How are funding decisions made for Medicare and Medicaid? What drugs are to be funded? These questions have recently come to our attention as many of us have attempted to have Medicare fund our use of Provenge.

The administration of Medicare is actually broken into 15 different regions, or MACs (Medicare Administrative Contractors). Each MAC is responsible for deciding what treatments and drugs are to be reimbursed by Medicare. Initially, decisions are made at the MAC level, so it is possible that some MACs will approve a treatment or drug while others will not.

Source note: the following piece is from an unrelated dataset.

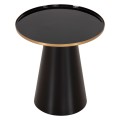 COFFEE TABLES 2PCS BENG FK9920 ENAMELED METAL TOP-MAT BASE-BLACK Φ50 & Φ40 cm. COFFEE TABLES 2PCS BENG FK9920 ENAMELED METAL TOP-MAT BASE-BLACK Φ50 & Φ40 cm.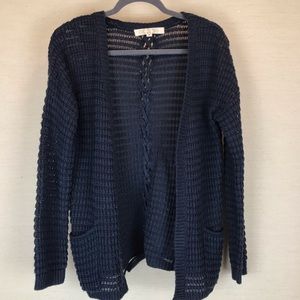 Adorable Navy Blue Knit Tie-up Cardigan💙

In some instants, the Federal organization, the Center for Medicare & Medicaid Services (CMS) , will step in and create a national policy for all the MACs. In the instances of funding for Provenge, CMS has just announced that it will be reviewing Provenge and eventually make a national policy decision on reimbursement. This process can easily take up to one year! In the mean time, CMS has instructed the MACs to continue to make individual regional decisions. So, until CMS provides a national guideline, some MACs will pay for Provenge, some may not pay and others will continue to make you jump through hoops to get it covered!

CMS has established a thirty day (30) (the month of July) public comment period for us the public to add our own “testimony”. I believe that a large public demand will help push an approval for all men who are on Medicare and who need Provenge to extend their life. Do not under estimate the power of numbers; take a lesson from the breast cancer community.